Task description
For the material below, reproduce exactly each line from the one that has "Mladi tokom učestvovanja" through the one that has "Book cover for Lives of Famous Poets", and no others; pictures stay out.

Given data
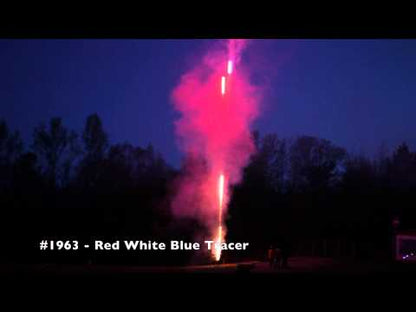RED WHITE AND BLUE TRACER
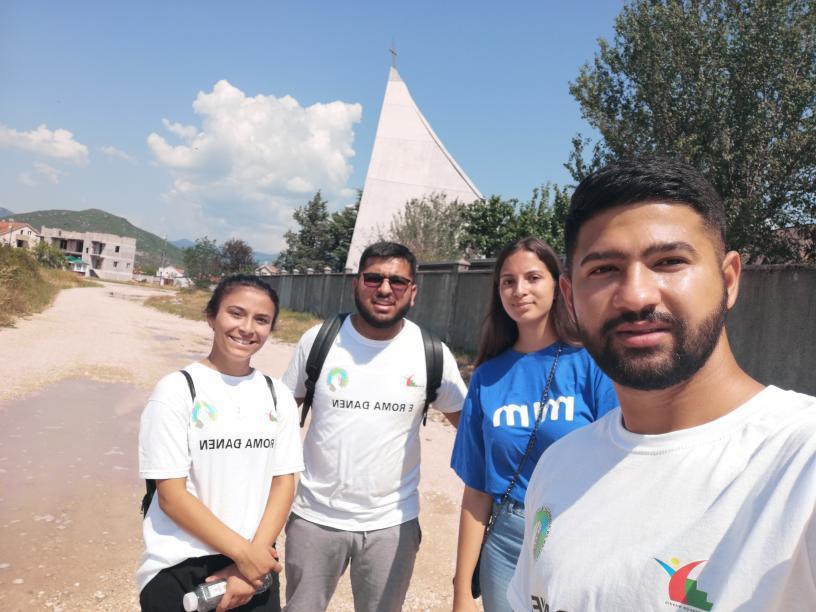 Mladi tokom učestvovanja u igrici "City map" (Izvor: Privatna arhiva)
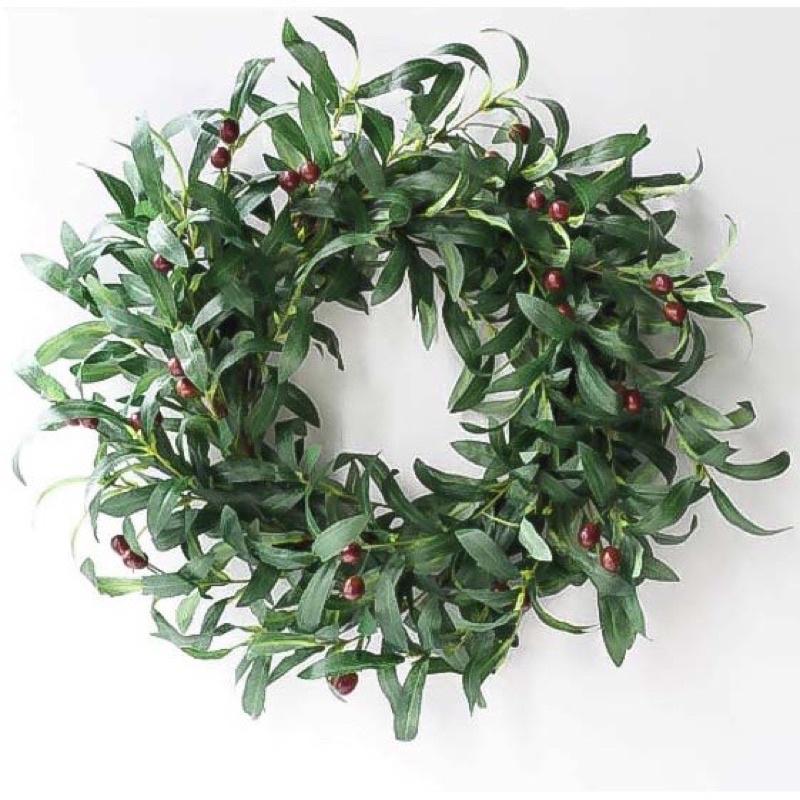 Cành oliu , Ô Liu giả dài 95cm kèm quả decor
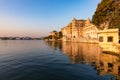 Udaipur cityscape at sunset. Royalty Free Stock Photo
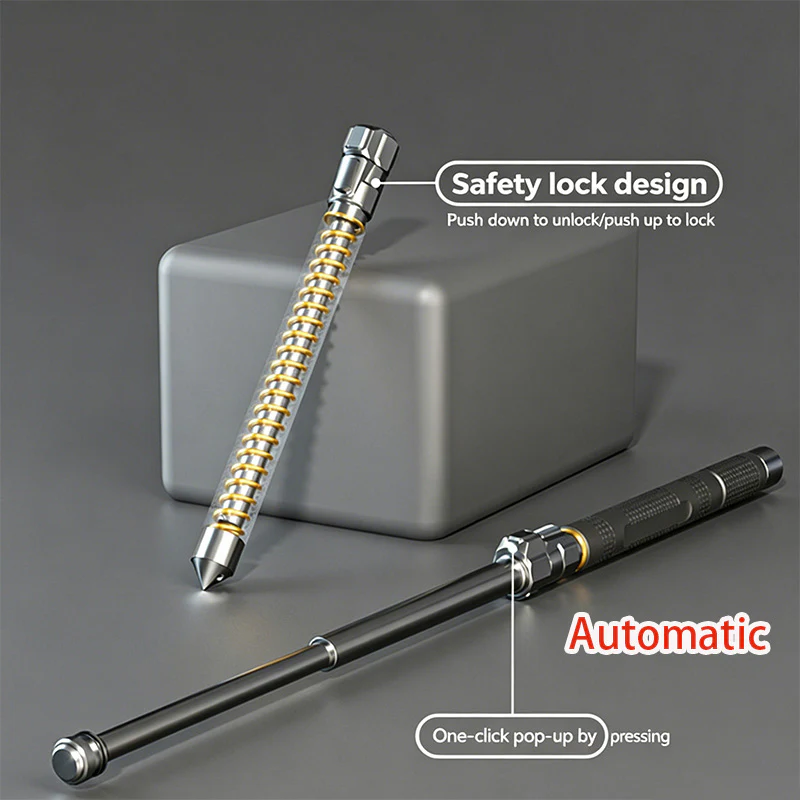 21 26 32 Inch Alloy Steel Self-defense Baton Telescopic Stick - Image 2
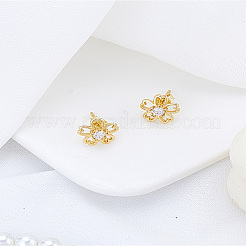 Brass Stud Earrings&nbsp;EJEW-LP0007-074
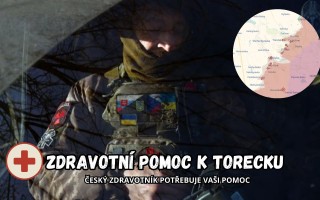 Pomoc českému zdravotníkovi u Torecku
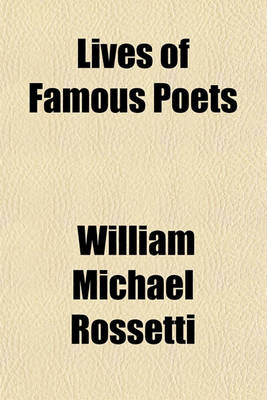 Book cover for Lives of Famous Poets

==

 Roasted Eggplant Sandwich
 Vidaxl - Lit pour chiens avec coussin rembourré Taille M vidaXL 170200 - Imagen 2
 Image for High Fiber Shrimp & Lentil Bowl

Result
 Mladi tokom učestvovanja u igrici "City map" (Izvor: Privatna arhiva)
 Cành oliu , Ô Liu giả dài 95cm kèm quả decor
 Udaipur cityscape at sunset. Royalty Free Stock Photo
 21 26 32 Inch Alloy Steel Self-defense Baton Telescopic Stick - Image 2
 Brass Stud Earrings&nbsp;EJEW-LP0007-074
 Pomoc českému zdravotníkovi u Torecku
 Book cover for Lives of Famous Poets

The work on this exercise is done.